• [THE DATA]
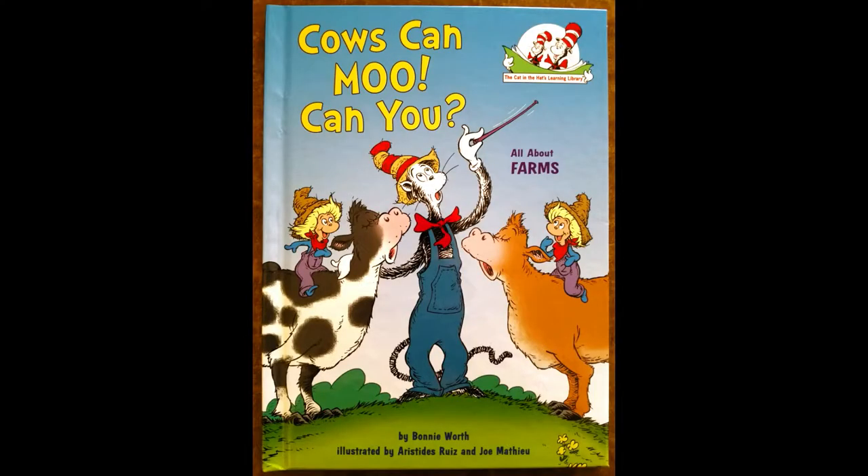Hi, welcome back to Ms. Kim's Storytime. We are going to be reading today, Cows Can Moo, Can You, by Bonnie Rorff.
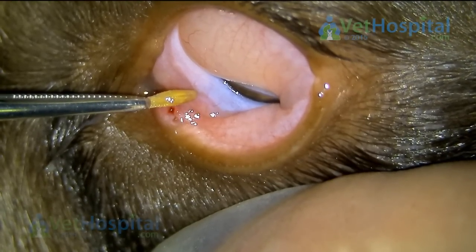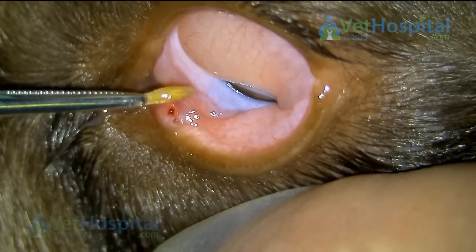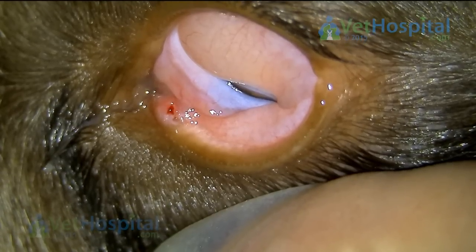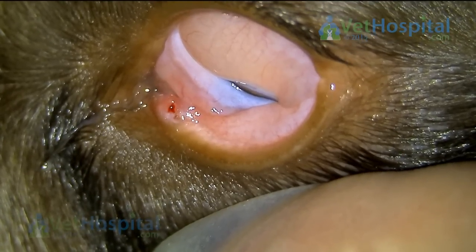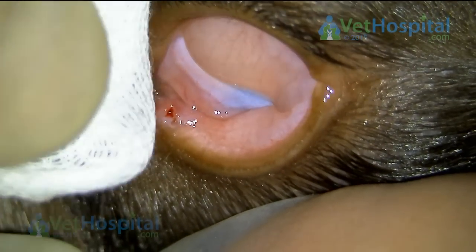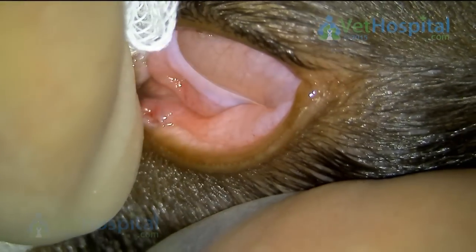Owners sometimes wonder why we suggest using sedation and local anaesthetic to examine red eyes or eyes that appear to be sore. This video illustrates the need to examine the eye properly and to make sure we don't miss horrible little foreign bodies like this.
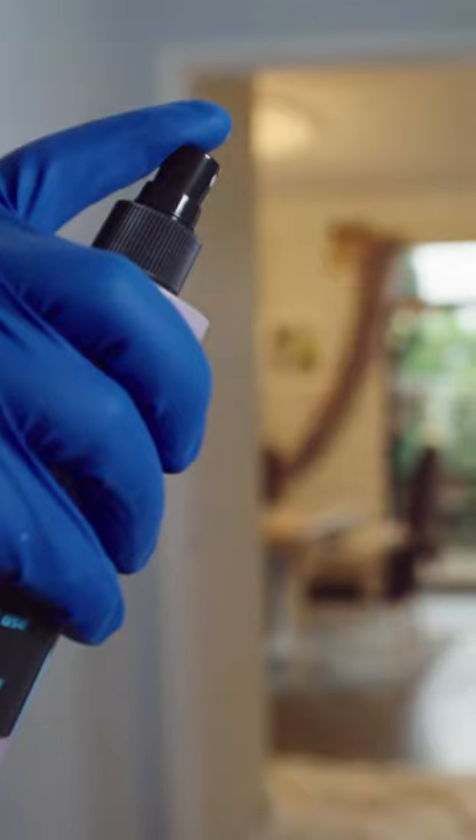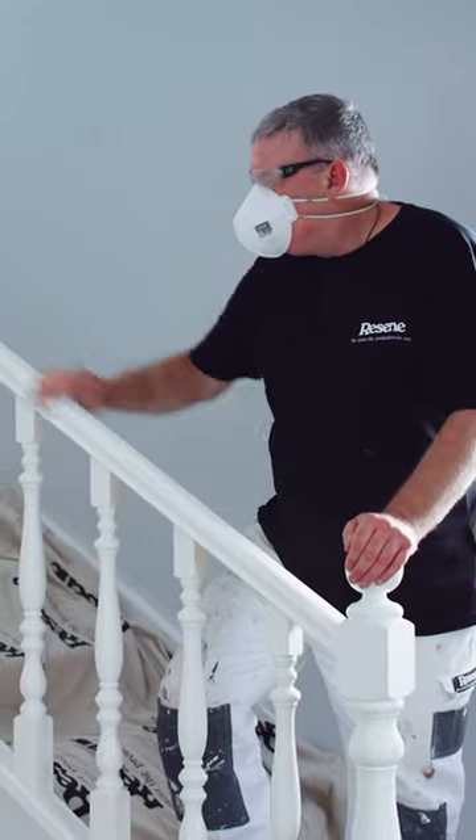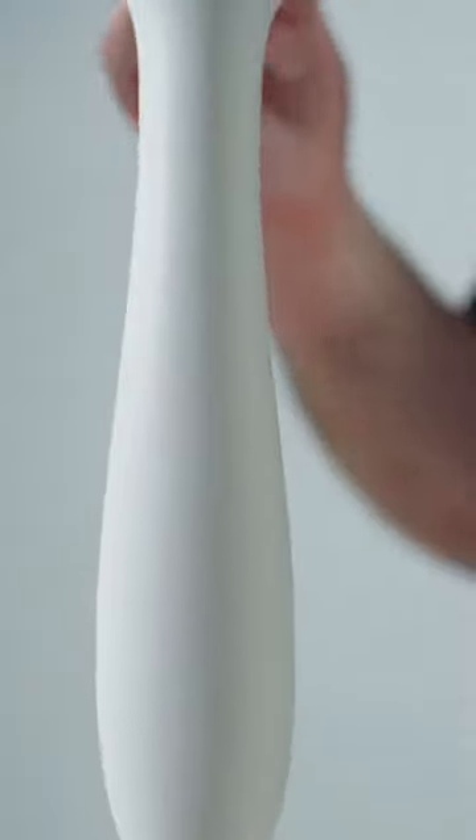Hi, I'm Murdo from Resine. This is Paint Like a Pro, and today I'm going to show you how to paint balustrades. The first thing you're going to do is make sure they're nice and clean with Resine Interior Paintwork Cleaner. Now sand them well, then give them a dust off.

• [PROBLEM DETAILS] Print the material precisely as given, dropping any images it holds.

• [SOLUTION FOR THIS PROBLEM]
Hi, welcome back to Ms. Kim's Storytime. We are going to be reading today, Cows Can Moo, Can You, by Bonnie Rorff.
Owners sometimes wonder why we suggest using sedation and local anaesthetic to examine red eyes or eyes that appear to be sore. This video illustrates the need to examine the eye properly and to make sure we don't miss horrible little foreign bodies like this.
Hi, I'm Murdo from Resine. This is Paint Like a Pro, and today I'm going to show you how to paint balustrades. The first thing you're going to do is make sure they're nice and clean with Resine Interior Paintwork Cleaner. Now sand them well, then give them a dust off.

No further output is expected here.